Nefesh B'Nefesh is the best source of information.

Victor said...

I was more or less joking about earning a million before coming, although it was an actual suggestion made to me. A million dollars isn't what it used to be either... I mean, I wouldn't mind finding it on the side of the road, but...

Jon said...

Yaacov -

As an actuary in the U.S, I'm promised a median salary of $88k with room for 200% growth. (This is according to whichever newspaper it was that did the job-ranking thing - I think US News).

In Israel, I can expect a salary between 10-18k₪ a month. This is apparently on a par with high-tech workers. (This information is from Nefesh B'Nefesh.)

Assuming an exchange-rate of 3.5:1, that puts the high-end Israeli salary at the lower end of the Amrican range.

I think you're being a bit too optimistic about the Israeli economy, and too pessimistic about the American one.

If I'm wrong, please correct me - I'm not wandering around Nefesh B'Nefesh's site without a reason!

Y. Ben-David said...

Let's face it, if your goal in life is to make as much money as possible, then it doesn't necessarily pay to move from the US to Israel. If your goal is to live as full a life as a Jew as possible, then your place is in Israel. In my case, there is no question that my standard of living would not be appreciably higher had I remained in the US. I would probably own a second car and my house would be somewhat larger than the apartment I have here in Israel, but here I really don't need a second car (I get free transportation to work like many workers in Israel do) and people manage in smaller accomodations. But had we remained in the US the tuition fees we would have faced would have been substantially higher and that would have eaten up any salary advantage I would have had there, and as I said above, I would have been paying for a grossly inferior education, at least in the Torah-Jewish Studies department.

Yaacov said...

Jon -

Since you're an actuary, you'll know how to calculate the different costs of near-free schooling from pre-kindergarten thru high-school, and the substantially cheaper university fees in Israel, assuming you wish your children to have a Jewish education. Likewise the limited costs of reliable health insurance and pension plans.

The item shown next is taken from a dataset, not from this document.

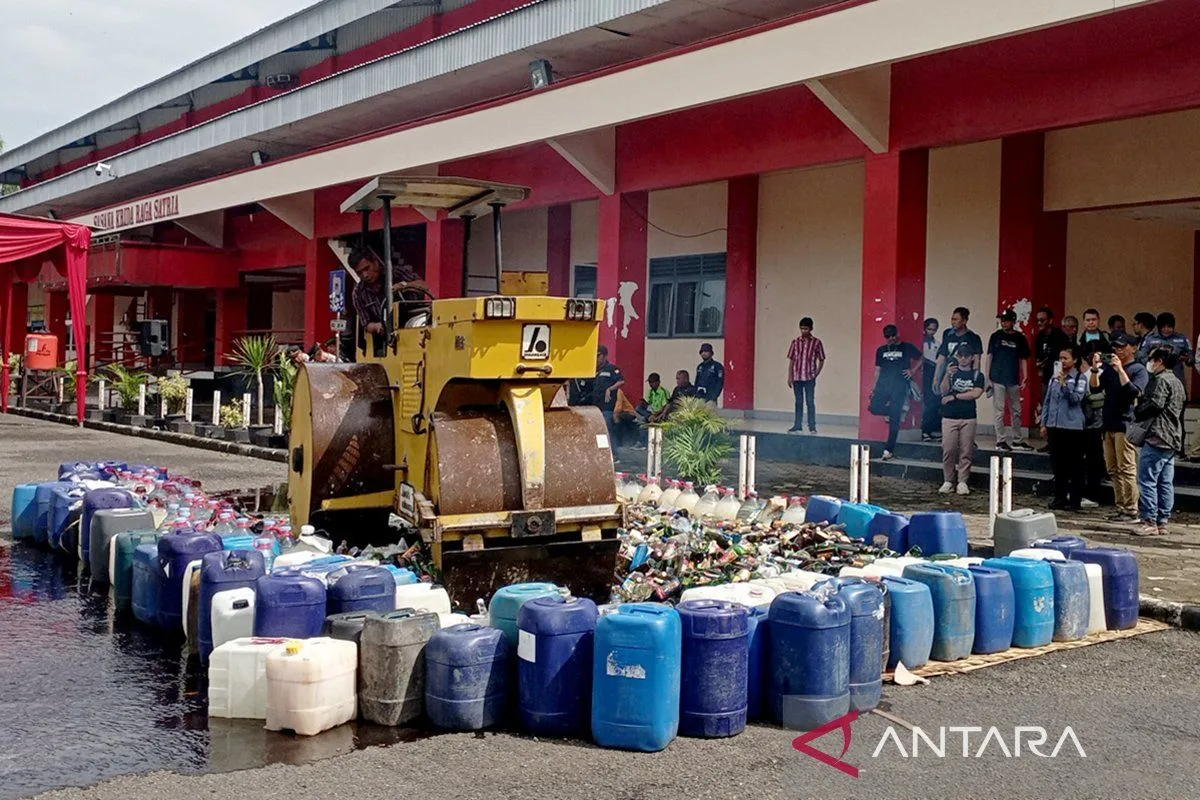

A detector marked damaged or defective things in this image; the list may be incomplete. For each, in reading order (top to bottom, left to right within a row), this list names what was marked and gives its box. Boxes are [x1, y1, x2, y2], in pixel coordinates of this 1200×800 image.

Having noted that, I didn't say salaries are higher in Israel. The ability to participate in or benefit from the explosive innovation economy in Israel is, however, better than anywhere in the US except for a few specific areas. The thousands of extraordinarily expensive luxury high-rise apartments being snatched up in Tel Aviv these past few years demonstrate that If Israelis want to be rich, their chances at home are as good as anywhere, if not better.